▶ [The problem]:
Write out each entry below exactly. Do not include the images.

= = = = =

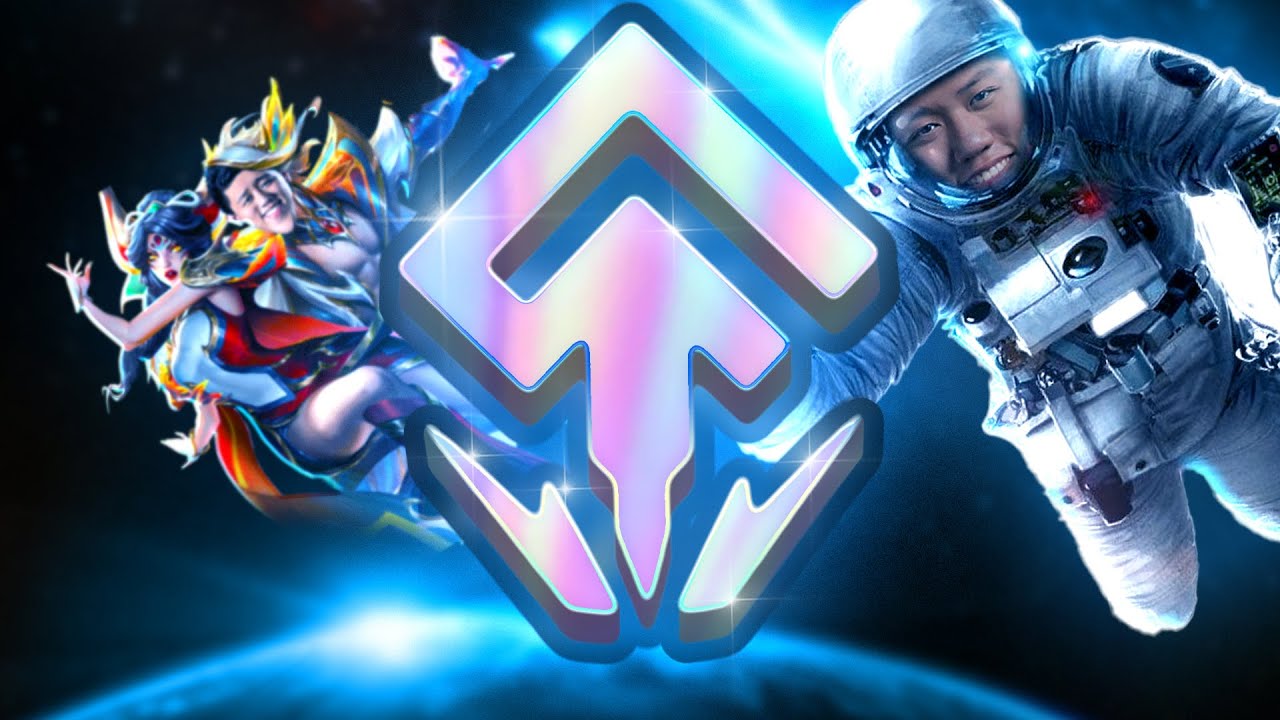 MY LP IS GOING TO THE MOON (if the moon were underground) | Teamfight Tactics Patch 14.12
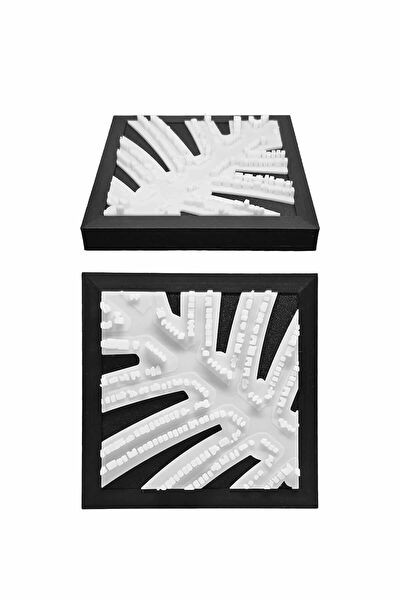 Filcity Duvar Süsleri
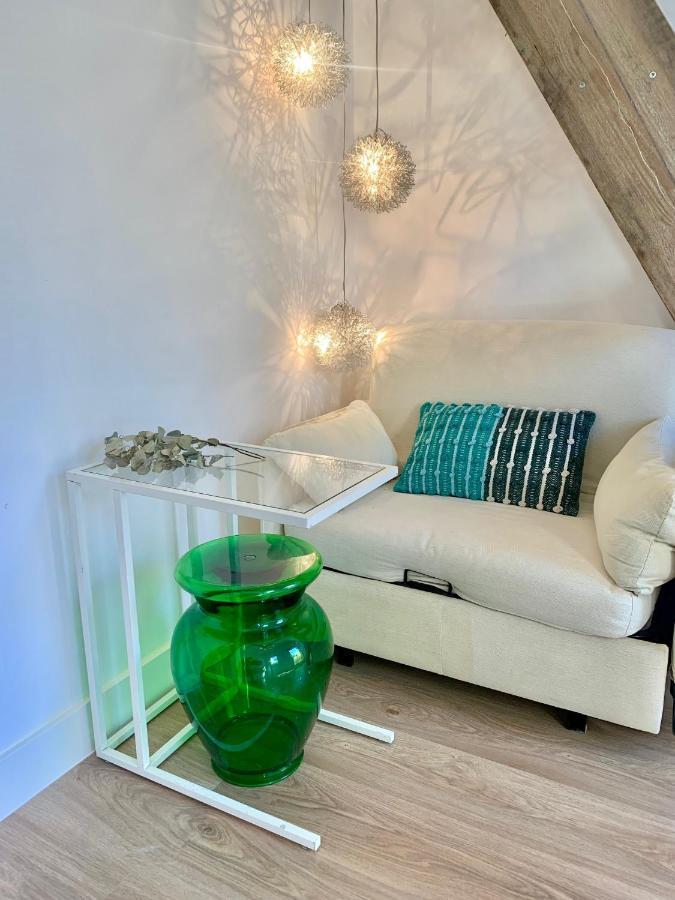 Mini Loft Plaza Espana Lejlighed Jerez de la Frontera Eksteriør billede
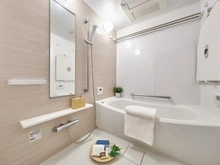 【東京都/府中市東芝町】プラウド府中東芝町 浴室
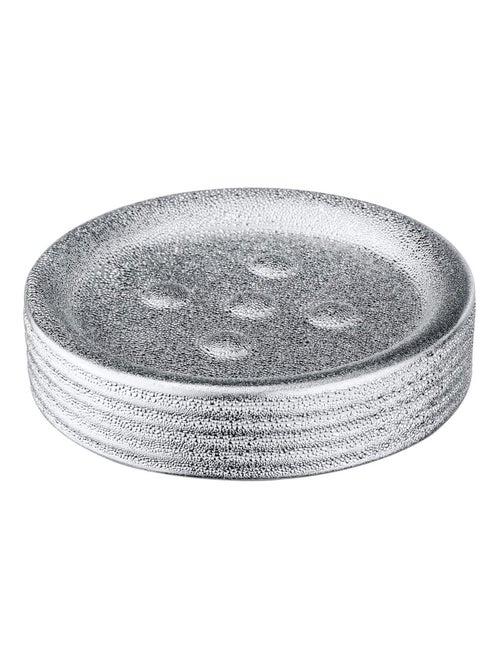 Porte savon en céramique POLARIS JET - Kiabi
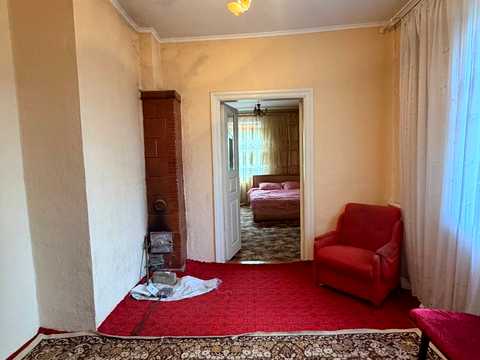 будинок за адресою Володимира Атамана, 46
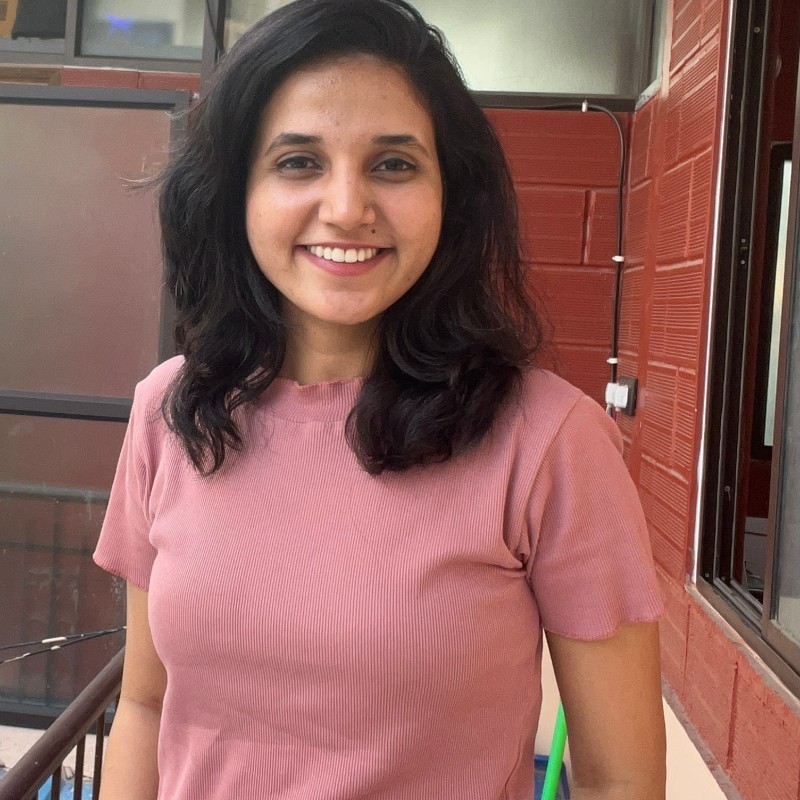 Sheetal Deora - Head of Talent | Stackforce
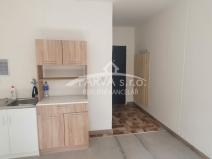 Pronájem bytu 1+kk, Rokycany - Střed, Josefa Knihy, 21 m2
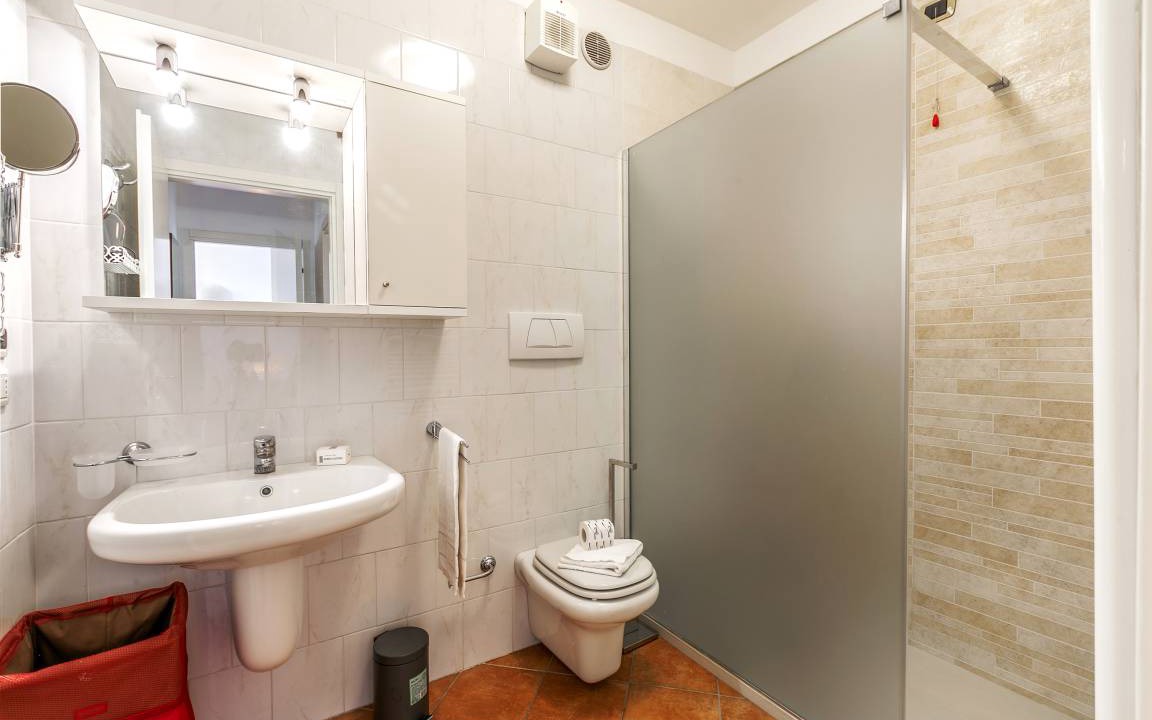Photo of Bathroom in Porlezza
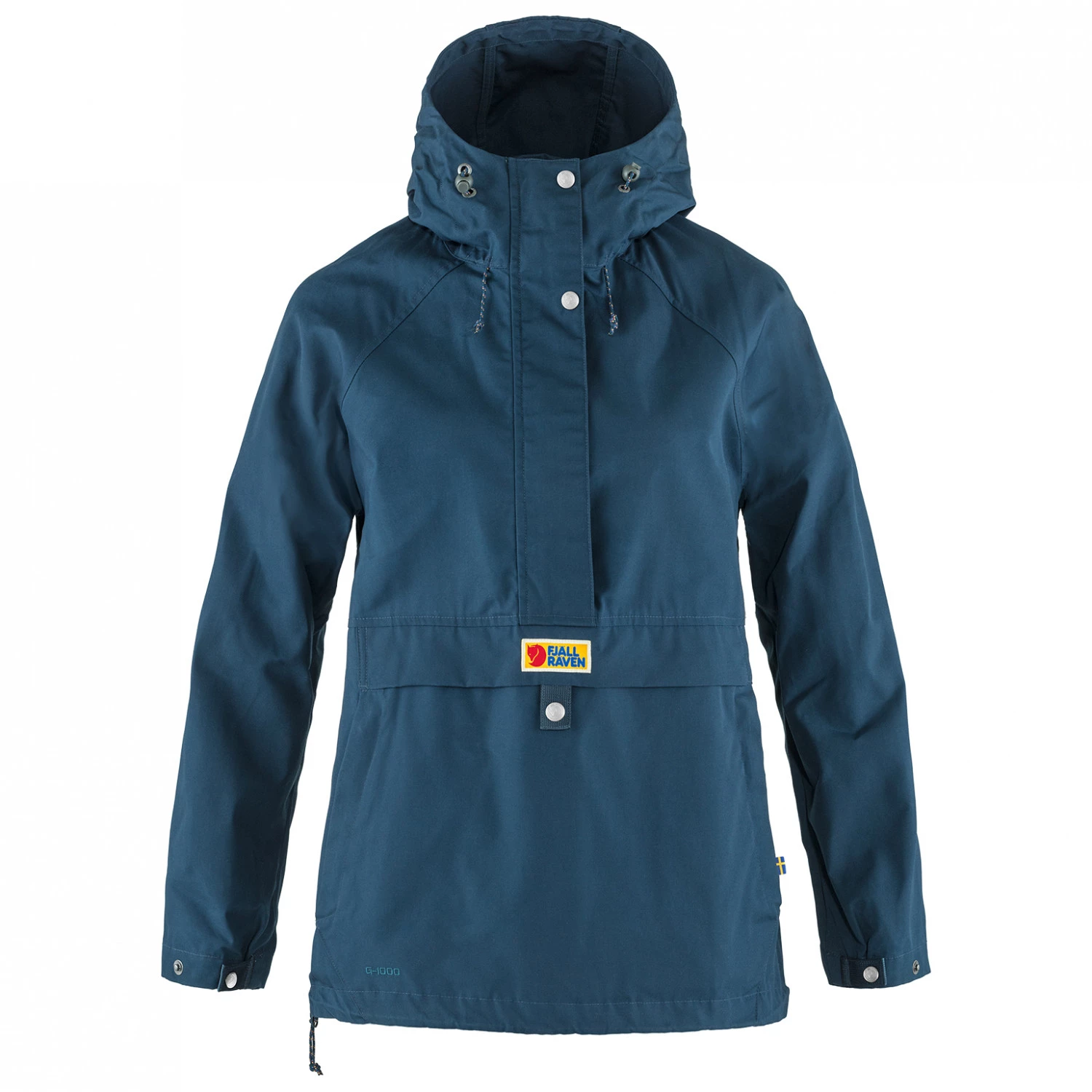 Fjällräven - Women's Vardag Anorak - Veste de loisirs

= = = = =

▶ [The answer]:
 MY LP IS GOING TO THE MOON (if the moon were underground) | Teamfight Tactics Patch 14.12
 Filcity Duvar Süsleri
 Mini Loft Plaza Espana Lejlighed Jerez de la Frontera Eksteriør billede
 【東京都/府中市東芝町】プラウド府中東芝町 浴室
 Porte savon en céramique POLARIS JET - Kiabi
 будинок за адресою Володимира Атамана, 46
 Sheetal Deora - Head of Talent | Stackforce
 Pronájem bytu 1+kk, Rokycany - Střed, Josefa Knihy, 21 m2
Photo of Bathroom in Porlezza
 Fjällräven - Women's Vardag Anorak - Veste de loisirs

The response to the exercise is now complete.